When Nelson took over the job in 1987, the lakefront was not the shining jewel it is today.

“The lakefront was totally different,” Nelson said in an interview this week at his home in the Jackson Park Highlands. “There was barbed wire around every harbor.”

He said the Shedd Aquarium would run its sprinklers all night to keep people from tagging the marble facade, and gangs had colonized the parking lots around the Adler Planetarium.

When Nelson first walked into his new office in ’87, the door was still smashed in from a raid by FBI agents trying to file charges against his predecessor, Gerald Pfeiffer, the fifth consecutive director of harbors to be indicted.

“Pfeiffer had used his clout to get appointed a deputy sheriff — a common perk for pols, one that allowed them to carry a gun and make arrests,” Nelson writes in his book. “With a .357 magnum on his hip, he often made surprise visits to the harbors looking for harbor rule violators to intimidate and punish.”

Nelson had sold boats into Montrose and Belmont harbors for 12 years before becoming harbor boss. He said he knew going in that the rule for boaters had been that payments started with the fee to the Chicago Park District for a slip.

“Once you got the slip, it didn’t mean you got it renewed,” Nelson said. “It meant the harbor master was making monthly rounds with a paper bag.”

He said he estimated that under his predecessor, a slip cost $1,000 a year on the books with an additional $10,000 paid out in bribes, which he described as a pittance for the high-level politicians, businessmen and organized crime figures who used the harbors.

“They didn’t care, they had the money — they were movers and shakers,” Nelson said.

The former chaplain is hardly the person one would expect to take on those entrenched interests. He carried the air of a seminarian with large glasses perched over a well-trimmed graying beard. His size is the kind that intimidates those who don’t like being hugged more than those looking for a fight.

He fit in well in Hyde Park, but seemed out of place as a bureaucrat, particularly because he lacked even the South Side political pedigree that was then in power under Mayor Harold Washington.

“I didn’t have any clout. I didn’t even meet Harold Washington until after I got the job,” Nelson said.

Nelson was hired — bizarrely for Chicago at the time — because he knew he could do it and he pestered Chicago Park District Executive Vice President Jesse Madison until he got an interview.

He said Madison was not won over by his stories of cleaning up Court Theater at the University of Chicago, which was mired in scandal after the director was caught skimming money from ticket sales. Instead, Nelson said Madison liked that he had the right civil rights credentials from working with famed Chicago labor organizer Saul Alinsky while in seminary in Rochester, N.Y.

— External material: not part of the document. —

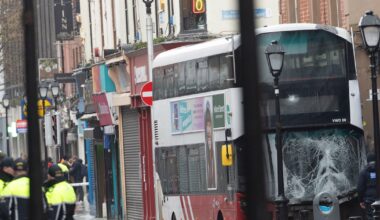 Man who died in Dublin city bus crash named as Frank Daly – The Irish Times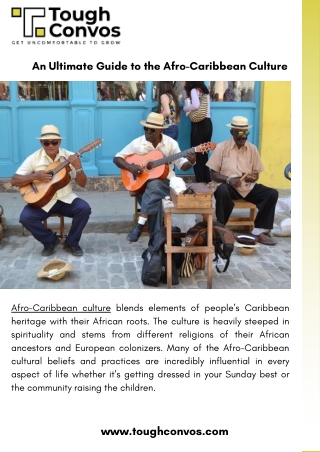 An Ultimate Guide to the Afro-Caribbean Culture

When Madison let Nelson in through that busted door to become harbor boss, Nelson started rewriting the rules, literally. He rewrote the harbor rules to ban bribes, which had never been explicitly outlawed before.

He said that didn’t stop boaters from trying to play by the old rules.

“Boaters are liars, they’ll do anything to get what they want — they’re successful people,” Nelson said. “First, they call their elected officials, and they called me.”

He said U.S. Rep. Charles Hayes called him trying to get a slip for a supporter and aides from Gov. Jim Thompson’s office also tried.

 Robert Nelson comes off more the seminarian that he is than the tough guy that is often imagined of someone out to clean up corruption.
Robert Nelson comes off more the seminarian that he is than the tough guy that is often imagined of someone out to clean up corruption.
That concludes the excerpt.